PARKVILLE, Md.—Members of the Bhutan Baptist Church had a Thanksgiving Day celebration with a worship service, music, dancing, preaching, food, and fellowship. Senior Pastor Samuel Cho, Pastor Raju Budathoki and Deacon Joseph Passos shared a short message. Cho and Passos preached in English. Budathoki translated both of the sermons to Bhutanese.

Youth from Bhutan Baptist Church dance during the church’s Thanksgiving celebration.
Cho drew a parallel between the immigrants at the Bhutanese church and the pilgrims who came to the new world. He shared that the pilgrims immigrated to the United States for religious freedom and they celebrated Thanksgiving after their harvest. They were thankful to family and friends, old and new, who helped them, and they thanked and worshipped the Lord.
Many in the Bhutan church understand religious persecution, including Budathoki, who was persecuted, imprisoned and tortured after he accepted Christ as Savior.
In his message, Budathoki shared from 1 Thessalonians 5:18, “In everything give thanks; for this is the will of God in Christ Jesus for you,” referring to Job, Hannah and David who praised God in the midst of their struggles.

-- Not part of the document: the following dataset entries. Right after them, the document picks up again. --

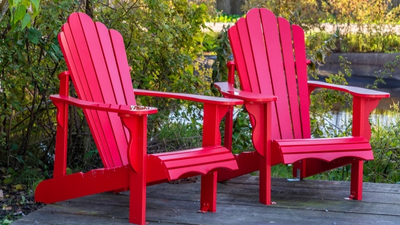 Red Adirondack chairs positioned on a wooden deck surrounded by greenery, highlighting outdoor lawn furniture designed for comfort and style in backyard settings.
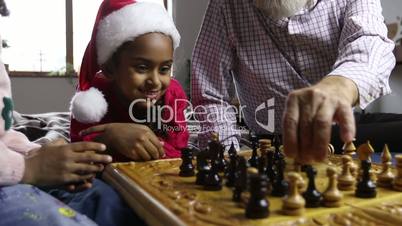 Cute little girl in santa hat watching chess game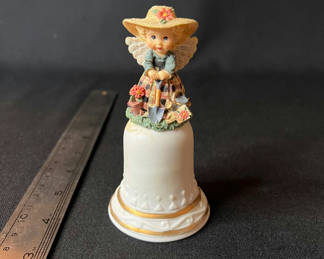 Lot 104: Ceramic bell with angel girl figurine on top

Passos, in his message, said, “For Christians, the deepest roots of our thanksgiving go back to the old world, way back before the pilgrims, to a story as old as creation. God created humanity for gratitude. You exist to appreciate God. He created you to honor him by giving him thanks; appreciating both who God is and his actions for us, in creating us and sustaining our lives,” he said. But man is fallen and we have failed miserably, Passos said.

Senior Pastor Samuel Cho shares while Pastor Raju Budathoki translated.
“God himself, in the person of his Son, Jesus, entered into our thankless world, lived in perfect appreciation of his Father, and died on our behalf for our chronic ingratitude. It is Jesus, the God-man, who has manifested the perfect life of thankfulness. Christians are thankful for all God’s gifts, especially his eternal gifts,” he continued. “By faith in Jesus, we are redeemed from ingratitude and only in Jesus are we able to become the kind of persistently thankful people God created us to be.
“My personal life is an example of someone redeemed by the blood of Jesus, being born in poverty, living in houses made from bamboo and clay, depending on the charity of many for clothing and bed covers to survive winter; living in a home under strong witchcraft influence, humanly speaking, living a hopeless life. God took me from the darkness and brought me to His wonderful light and today I have one million reasons to give Him thanks,” he said.
A youth choir sang and local students performed traditional Nepali dance.
The group ate pork, chicken, curried vegetables, beans, dal, salad and kimchi with cookies for desserts.